Wed 04 Mar 2020

Broadening of right to be accompanied under discussion

It is being reported that the UK Government are considering allowing a wider category of representatives into disciplinary and grievance hearings.  

Currently workers can be accompanied to disciplinary and grievance hearings by a trade union representative or fellow worker.  The individual who is the subject of the disciplinary process does not need to be a member of the trade union to which the official that is accompanying him or her belongs, nor  does the trade union need to be one that is recognised by the employer.  However, it is probably safe to assume that a TU official is more likely to agree to represent the individual making the request if he or she is a member of their union. 

It is, of course, always open to the employer to agree to someone other than a TU rep or fellow worker attending, but they will not be in breach of the statutory right to be accompanied if they do not.  In some limited cases it may be a reasonable adjustment to let someone else attend, or there may be a broader contractual right, and in exceptional cases workers may be able to establish a right to legal representation as a result of the Human Rights Act 1998, if the hearing may have a significant bearing on their professional registration.  Aside from these narrow exceptions, generally speaking, the choice of companion is a limited one.

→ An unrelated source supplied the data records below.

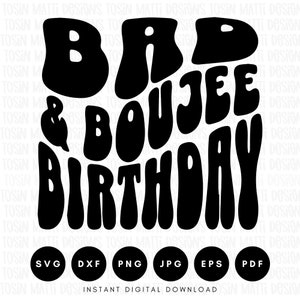 Malo y Boujee Cumpleaños Svg, Letras Onduladas Retro Svg, Refranes de Cumpleaños Svg, Sassy Svg, Uso Comercial, Archivos Svg para Cricut, Descarga Digital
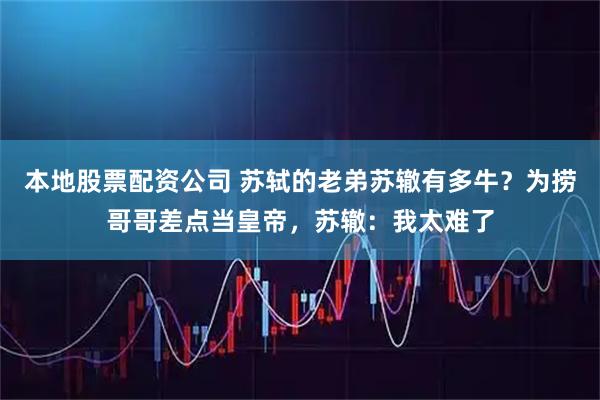 本地股票配资公司 苏轼的老弟苏辙有多牛？为捞哥哥差点当皇帝，苏辙：我太难了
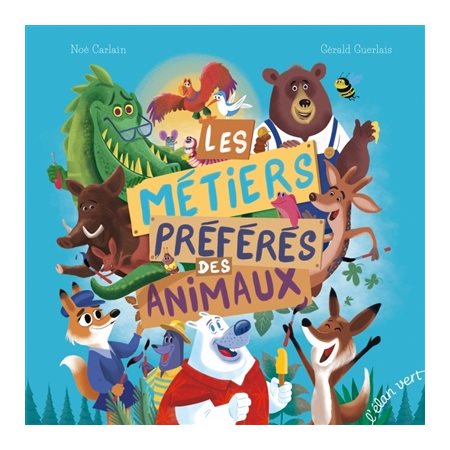 Les métiers préférés des animaux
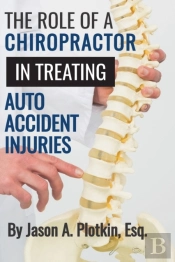 The Role Of A Chiropractor In Treating Auto Accident Injuries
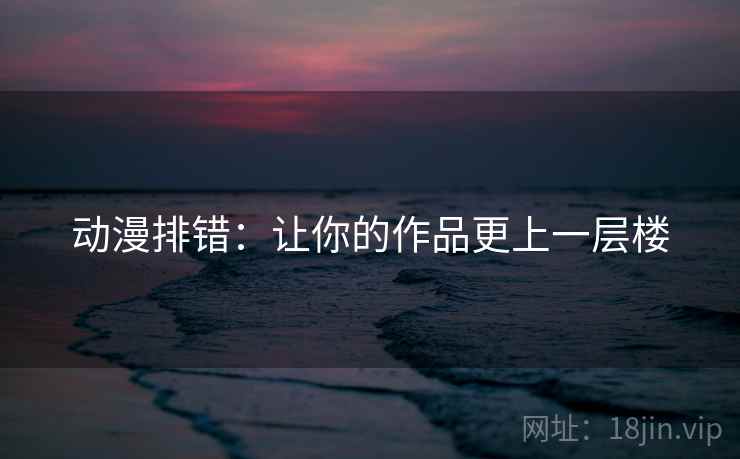 动漫排错：让你的作品更上一层楼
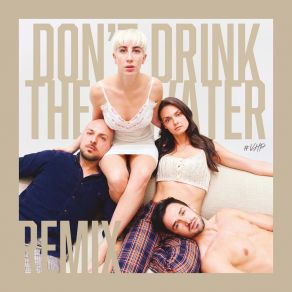 Don't Drink The Water (Remixes) album cover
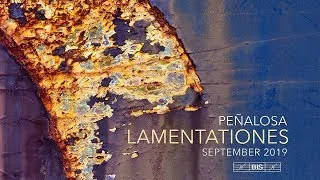 Thumbnail: Francisco de Peñalosa: LAMENTATIONES - New York Polyphony - Arriving September 2019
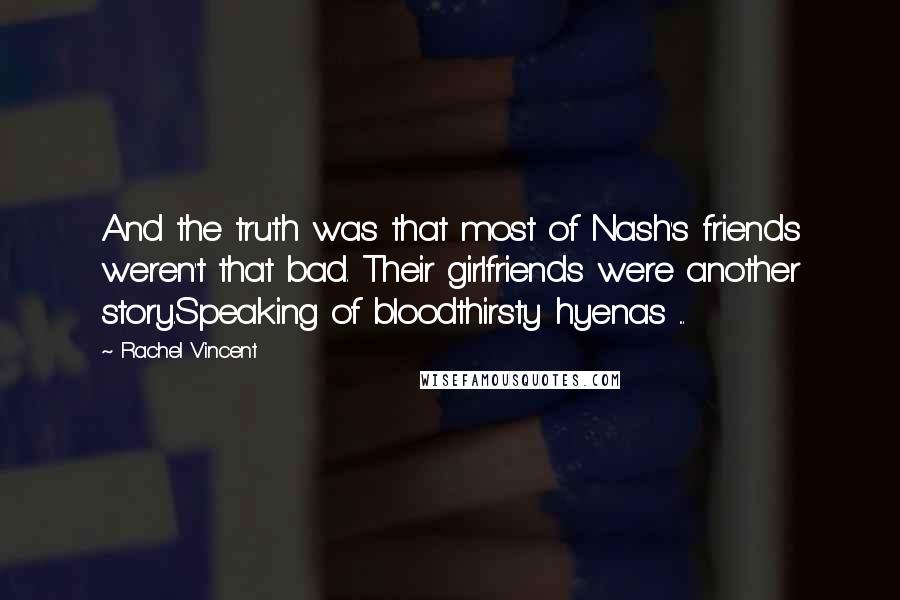 Rachel Vincent Quotes: And the truth was that most of Nash's friends weren't that bad. Their girlfriends were another story.Speaking of bloodthirsty hyenas ...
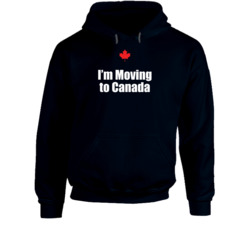 I'm Moving To Canada Hoodie 38457875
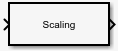 Scaling Layer block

However, the Government are reportedly considering a change to the Employment Relations Act 1999 (which sets out the statutory right to be accompanied) to broaden the category of individuals who could accompany workers to disciplinary and grievance hearings.  This is being presented as a way of ensuring that non-union members have access to trained representation in the same way that their colleagues who are union members do.  According to a report in the Sunday Telegraph, employees would be able to choose to be accompanied by a lawyer, as well as a representative of a body other than a union.

The right to be accompanied is one way for trade unions to attract membership - arguably expanding the right beyond the sphere of unions could have an impact on the number of workers who choose to join in the future.  However, it remains to be seen exactly how, or indeed if, this proposal might be brought forward for consultation, given the controversy it is sure to generate from both employers and trade unions.